■ DIRECTIONS FOR THIS TASK: Range to reproduce from the entries below: the line with "Flying seagull. Vector", the line with "Wrangler Rare Vintage", and every line in between. Give them exactly and give nothing else.
--------------------------------------------------
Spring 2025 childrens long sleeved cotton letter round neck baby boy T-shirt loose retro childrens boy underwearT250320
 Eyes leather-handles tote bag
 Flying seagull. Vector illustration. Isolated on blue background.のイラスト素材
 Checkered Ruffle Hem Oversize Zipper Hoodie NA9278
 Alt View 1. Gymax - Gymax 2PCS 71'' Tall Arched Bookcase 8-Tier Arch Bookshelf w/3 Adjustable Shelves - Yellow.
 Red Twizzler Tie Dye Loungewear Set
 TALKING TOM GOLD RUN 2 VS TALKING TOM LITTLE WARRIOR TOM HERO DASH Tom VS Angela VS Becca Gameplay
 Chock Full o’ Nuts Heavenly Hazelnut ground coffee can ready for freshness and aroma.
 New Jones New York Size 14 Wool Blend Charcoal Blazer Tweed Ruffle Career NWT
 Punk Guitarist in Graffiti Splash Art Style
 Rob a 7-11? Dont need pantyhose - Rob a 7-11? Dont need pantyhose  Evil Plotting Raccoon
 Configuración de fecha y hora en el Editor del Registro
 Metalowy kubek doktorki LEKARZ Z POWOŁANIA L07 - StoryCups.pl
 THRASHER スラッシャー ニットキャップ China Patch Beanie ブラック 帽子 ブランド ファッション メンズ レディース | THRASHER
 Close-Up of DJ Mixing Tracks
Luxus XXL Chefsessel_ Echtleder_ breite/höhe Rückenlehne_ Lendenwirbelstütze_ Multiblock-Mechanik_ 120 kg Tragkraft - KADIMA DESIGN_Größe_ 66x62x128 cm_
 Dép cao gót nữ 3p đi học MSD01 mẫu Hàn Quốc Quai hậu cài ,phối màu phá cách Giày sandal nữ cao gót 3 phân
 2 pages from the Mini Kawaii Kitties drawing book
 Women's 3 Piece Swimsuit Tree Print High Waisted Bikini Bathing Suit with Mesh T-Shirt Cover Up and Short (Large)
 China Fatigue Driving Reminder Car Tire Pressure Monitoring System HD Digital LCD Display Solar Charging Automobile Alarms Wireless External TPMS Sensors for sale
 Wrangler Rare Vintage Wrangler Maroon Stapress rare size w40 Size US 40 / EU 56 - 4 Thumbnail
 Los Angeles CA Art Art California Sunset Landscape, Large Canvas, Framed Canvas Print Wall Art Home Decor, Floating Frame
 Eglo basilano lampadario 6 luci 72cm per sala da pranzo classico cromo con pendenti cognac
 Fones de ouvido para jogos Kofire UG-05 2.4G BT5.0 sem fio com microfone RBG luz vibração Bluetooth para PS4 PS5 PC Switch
--------------------------------------------------
■ RESPONSE FOR THIS EXERCISE:
 Flying seagull. Vector illustration. Isolated on blue background.のイラスト素材
 Checkered Ruffle Hem Oversize Zipper Hoodie NA9278
 Alt View 1. Gymax - Gymax 2PCS 71'' Tall Arched Bookcase 8-Tier Arch Bookshelf w/3 Adjustable Shelves - Yellow.
 Red Twizzler Tie Dye Loungewear Set
 TALKING TOM GOLD RUN 2 VS TALKING TOM LITTLE WARRIOR TOM HERO DASH Tom VS Angela VS Becca Gameplay
 Chock Full o’ Nuts Heavenly Hazelnut ground coffee can ready for freshness and aroma.
 New Jones New York Size 14 Wool Blend Charcoal Blazer Tweed Ruffle Career NWT
 Punk Guitarist in Graffiti Splash Art Style
 Rob a 7-11? Dont need pantyhose - Rob a 7-11? Dont need pantyhose  Evil Plotting Raccoon
 Configuración de fecha y hora en el Editor del Registro
 Metalowy kubek doktorki LEKARZ Z POWOŁANIA L07 - StoryCups.pl
 THRASHER スラッシャー ニットキャップ China Patch Beanie ブラック 帽子 ブランド ファッション メンズ レディース | THRASHER
 Close-Up of DJ Mixing Tracks
Luxus XXL Chefsessel_ Echtleder_ breite/höhe Rückenlehne_ Lendenwirbelstütze_ Multiblock-Mechanik_ 120 kg Tragkraft - KADIMA DESIGN_Größe_ 66x62x128 cm_
 Dép cao gót nữ 3p đi học MSD01 mẫu Hàn Quốc Quai hậu cài ,phối màu phá cách Giày sandal nữ cao gót 3 phân
 2 pages from the Mini Kawaii Kitties drawing book
 Women's 3 Piece Swimsuit Tree Print High Waisted Bikini Bathing Suit with Mesh T-Shirt Cover Up and Short (Large)
 China Fatigue Driving Reminder Car Tire Pressure Monitoring System HD Digital LCD Display Solar Charging Automobile Alarms Wireless External TPMS Sensors for sale
 Wrangler Rare Vintage Wrangler Maroon Stapress rare size w40 Size US 40 / EU 56 - 4 Thumbnail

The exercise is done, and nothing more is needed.